● **Action item**
Copy the records below line by line and word for word, from the very first line through the line with "B. Soloveitchik Scholarly", omitting each picture.

● **Data records**
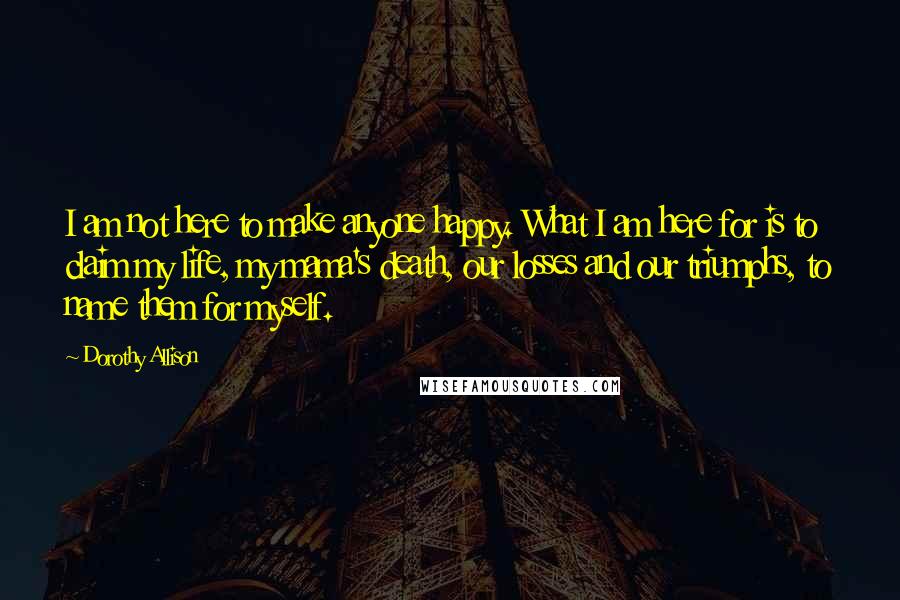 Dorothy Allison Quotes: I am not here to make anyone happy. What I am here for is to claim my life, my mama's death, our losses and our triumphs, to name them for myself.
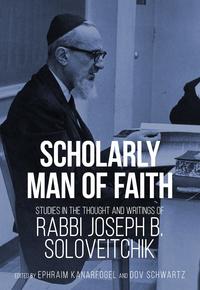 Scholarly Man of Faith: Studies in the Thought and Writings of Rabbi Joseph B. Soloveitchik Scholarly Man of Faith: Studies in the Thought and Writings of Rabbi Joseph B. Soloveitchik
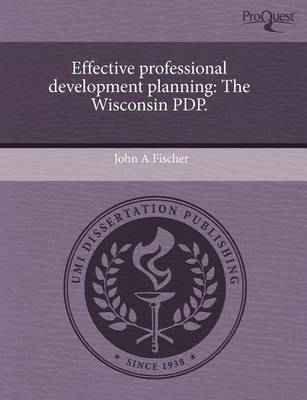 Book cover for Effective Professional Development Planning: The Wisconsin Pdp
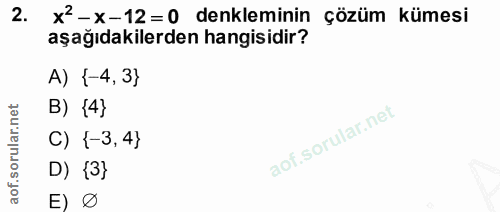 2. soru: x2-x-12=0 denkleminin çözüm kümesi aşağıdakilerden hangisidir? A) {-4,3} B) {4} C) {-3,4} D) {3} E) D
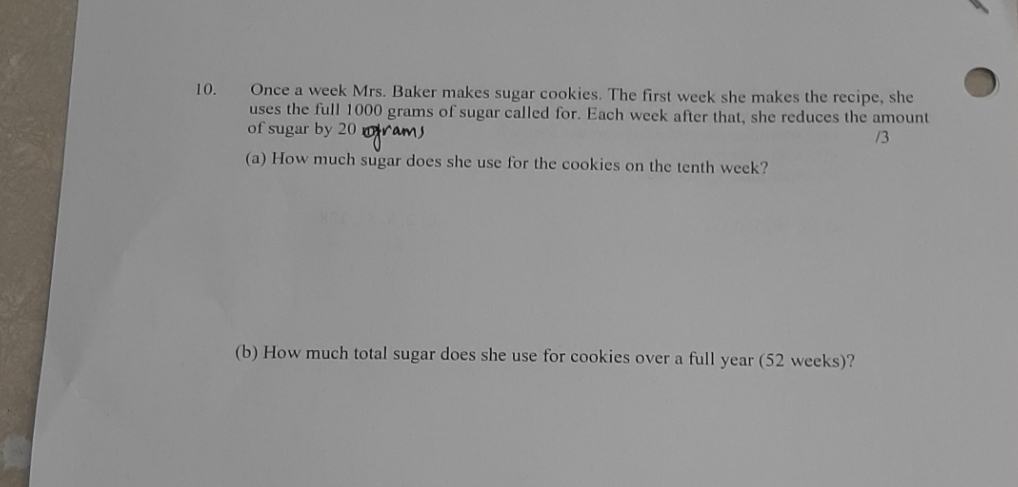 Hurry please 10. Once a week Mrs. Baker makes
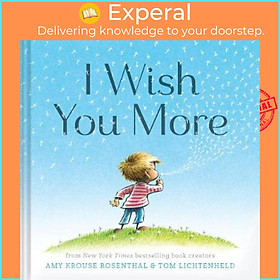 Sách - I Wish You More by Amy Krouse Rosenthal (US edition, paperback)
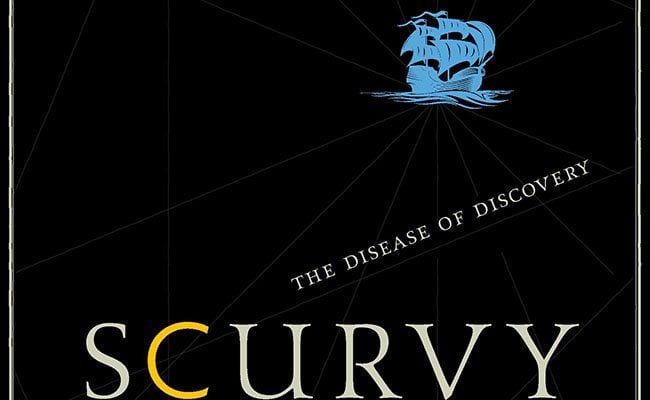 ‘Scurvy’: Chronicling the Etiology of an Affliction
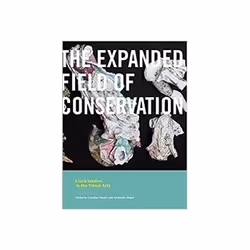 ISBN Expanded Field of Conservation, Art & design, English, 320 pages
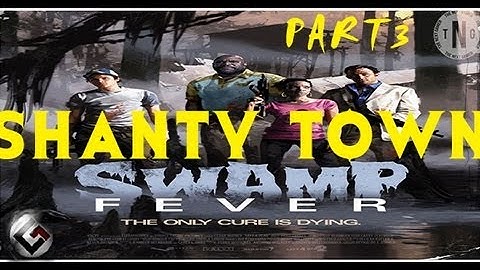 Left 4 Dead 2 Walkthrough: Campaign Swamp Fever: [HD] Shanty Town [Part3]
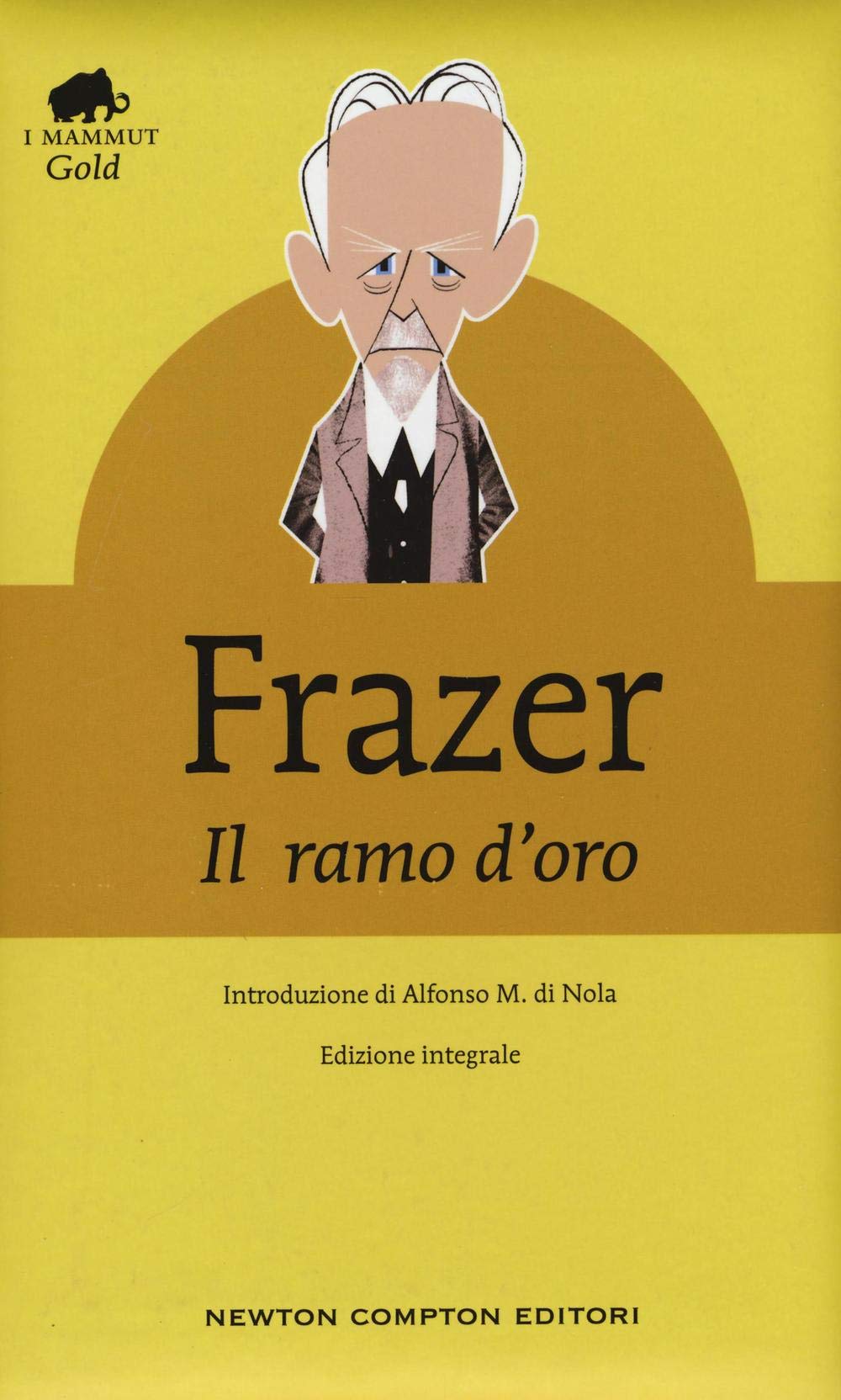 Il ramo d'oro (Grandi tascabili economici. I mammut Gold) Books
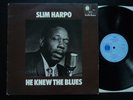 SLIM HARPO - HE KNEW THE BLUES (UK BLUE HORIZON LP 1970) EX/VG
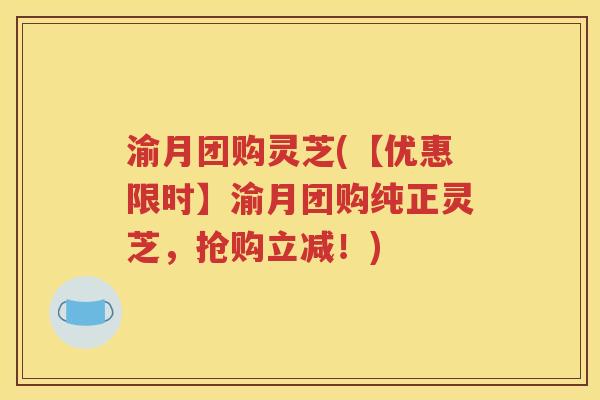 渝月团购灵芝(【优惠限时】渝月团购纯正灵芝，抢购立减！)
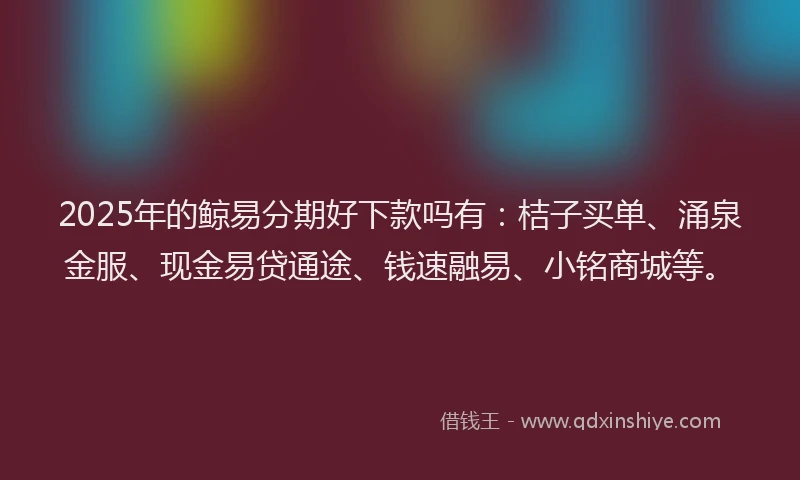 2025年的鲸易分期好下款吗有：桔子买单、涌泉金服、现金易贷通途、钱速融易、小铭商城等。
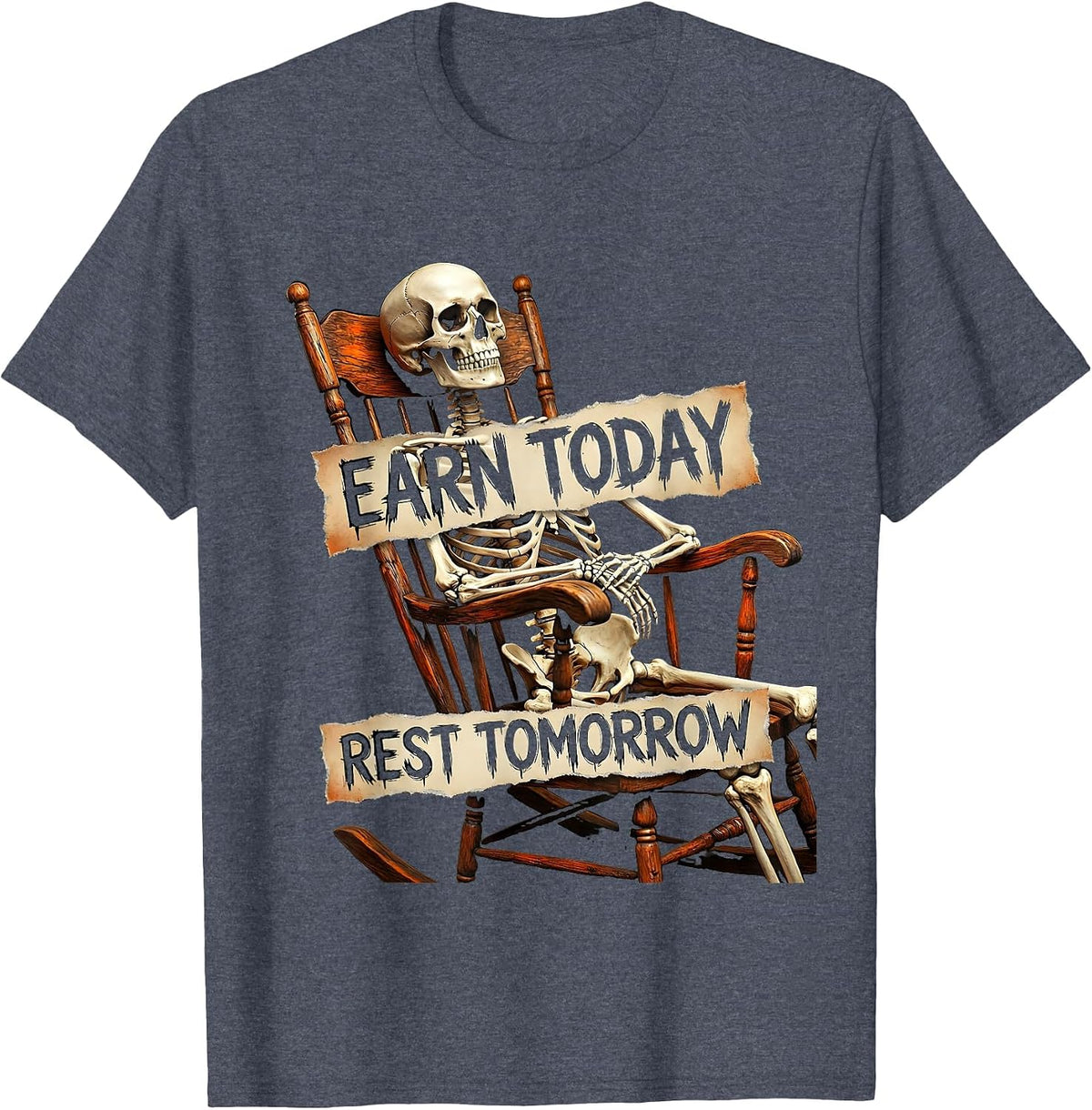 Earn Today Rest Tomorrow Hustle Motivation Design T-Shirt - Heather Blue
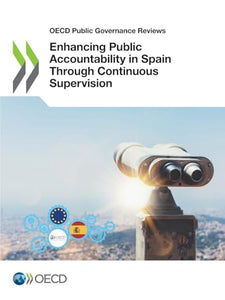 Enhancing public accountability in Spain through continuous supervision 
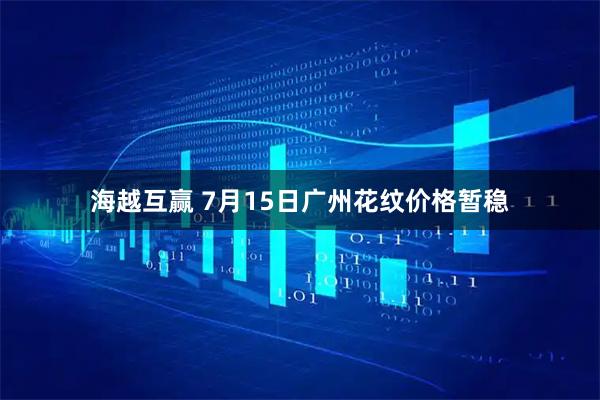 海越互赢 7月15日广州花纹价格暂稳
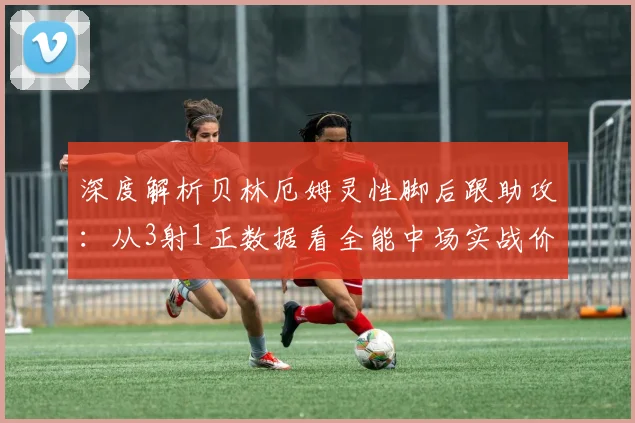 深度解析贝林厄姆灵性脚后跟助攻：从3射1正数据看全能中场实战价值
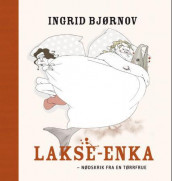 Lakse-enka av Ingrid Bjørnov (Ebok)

● **Result for this exercise**
 Dorothy Allison Quotes: I am not here to make anyone happy. What I am here for is to claim my life, my mama's death, our losses and our triumphs, to name them for myself.
 Scholarly Man of Faith: Studies in the Thought and Writings of Rabbi Joseph B. Soloveitchik Scholarly Man of Faith: Studies in the Thought and Writings of Rabbi Joseph B. Soloveitchik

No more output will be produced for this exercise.